Somadas, a parte que analisa a origem da moralidade e a que trata da construção da classe média brasileira disponibilizam ao leitor 71 páginas bastante instrutivas e proveitosas (cerca de 25% do livro), em que pese o fato de algumas delas estarem visivelmente contaminadas pelo que caberia aqui chamar de “desonestidade intelectual” do autor (dada sua reconhecida erudição no assunto), desvios que podemos creditar à sua explícita inclinação ideológica e razão da 1 estrela na minha avaliação.
No capítulo Golpe de 2016 ele enrola o leitor ao longo de 20 páginas sem valer-se de uma única linha amparada em argumentos concretos que caracterizem o tal golpe. O próprio autor admite (Pág. 158) que “o Ministério da Justiça da ex-presidenta (sic) Dilma, urdindo o aparato legal para as leis de exceção utilizadas mais tarde pelos inimigos para golpear a própria presidenta (sic) e a democracia. (...) no próprio Ministério da Justiça da presidenta (sic) depois deposta montou-se o arcabouço legal”, ou seja, devemos concluir que a Lei aplicada contra os adversários é a democracia em pleno exercício, mas a própria “mãe dos pobres” ser pega em flagrante delito contra uma lei promulgada por ela mesma, aí é golpe! (Atualmente, por muito menos tem gente sendo presa, acusada de “ataque às instituições democráticas”).

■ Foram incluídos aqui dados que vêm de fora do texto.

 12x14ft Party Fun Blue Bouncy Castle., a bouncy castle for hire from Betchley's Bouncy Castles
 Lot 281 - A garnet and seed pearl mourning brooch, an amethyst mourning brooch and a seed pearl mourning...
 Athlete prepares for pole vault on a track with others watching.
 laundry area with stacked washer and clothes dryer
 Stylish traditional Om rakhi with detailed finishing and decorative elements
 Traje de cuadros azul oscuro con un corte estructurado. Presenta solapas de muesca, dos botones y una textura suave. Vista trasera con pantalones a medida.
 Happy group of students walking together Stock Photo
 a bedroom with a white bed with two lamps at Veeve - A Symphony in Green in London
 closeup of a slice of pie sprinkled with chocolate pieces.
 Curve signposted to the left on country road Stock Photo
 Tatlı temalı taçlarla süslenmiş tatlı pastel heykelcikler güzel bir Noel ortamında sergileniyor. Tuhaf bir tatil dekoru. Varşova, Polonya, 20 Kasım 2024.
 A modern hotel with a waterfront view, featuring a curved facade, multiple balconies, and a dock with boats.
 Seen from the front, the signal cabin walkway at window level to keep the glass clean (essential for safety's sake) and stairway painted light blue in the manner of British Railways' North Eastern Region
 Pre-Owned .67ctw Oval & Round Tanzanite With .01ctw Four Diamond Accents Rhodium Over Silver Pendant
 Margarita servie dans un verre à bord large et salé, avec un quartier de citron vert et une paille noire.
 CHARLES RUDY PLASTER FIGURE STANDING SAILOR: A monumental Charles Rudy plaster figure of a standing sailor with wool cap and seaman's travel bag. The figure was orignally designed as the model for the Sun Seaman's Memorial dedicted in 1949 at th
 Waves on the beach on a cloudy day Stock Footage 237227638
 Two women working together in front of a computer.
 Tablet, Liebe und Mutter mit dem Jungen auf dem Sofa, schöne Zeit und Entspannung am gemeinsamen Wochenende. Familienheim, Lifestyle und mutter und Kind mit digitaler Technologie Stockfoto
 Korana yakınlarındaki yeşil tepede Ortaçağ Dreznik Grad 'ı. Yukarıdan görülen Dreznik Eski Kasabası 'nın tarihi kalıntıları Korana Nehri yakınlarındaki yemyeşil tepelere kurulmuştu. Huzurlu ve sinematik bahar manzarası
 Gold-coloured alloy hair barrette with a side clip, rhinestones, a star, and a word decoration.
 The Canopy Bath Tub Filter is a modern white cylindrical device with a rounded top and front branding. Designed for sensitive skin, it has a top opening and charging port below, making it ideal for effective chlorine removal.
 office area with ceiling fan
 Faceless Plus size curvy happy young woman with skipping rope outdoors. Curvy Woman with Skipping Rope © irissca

Seguindo neste molde, todo o resto é pura panfletagem, em escancarada campanha política pró PT. Na segunda metade do livro, em Trajetórias, o leitor percorre 120 páginas recheadas com uma mistura de relatos supostamente verídicos mesclados a sofríveis ensaios de ficção. Se por um lado, na área de pesquisa em sociologia o autor é doutor e merece algum respeito, por outro, em escrita criativa ele precisa praticar um pouco mais, pois deixa a desejar no quesito “verossimilhança”; alguns dos vilões ali retratados são verdadeiras caricaturas, típicas personagens de filmes classe B, que não convencem, a não ser como uma possível projeção de instintos reprimidos (torçamos sinceramente para que não seja o caso!). Como não é apresentada nenhuma metodologia eventualmente aplicada na contagem ou classificação dos tais relatos, ainda que supostamente verídicos, eles não evidenciam nada além da visível manipulação da opinião do leitor pela gritante seletividade, já que as narrativas publicadas são escolhidas a dedo, fazendo com que todo personagem simpático, honesto e bem-intencionado vote no PT e toda mulher inteligente vote na Manuela d’Ávila, Márcia Tiburi ou na Marina Silva, enquanto cada exemplar de pessoa machista, tarada ou portadora de toda e qualquer característica desprezível, com certeza vota em Bolsonaro! Não há estatística nenhuma; por mais que tais personagens existissem de verdade, seria tomar o todo por uma parte.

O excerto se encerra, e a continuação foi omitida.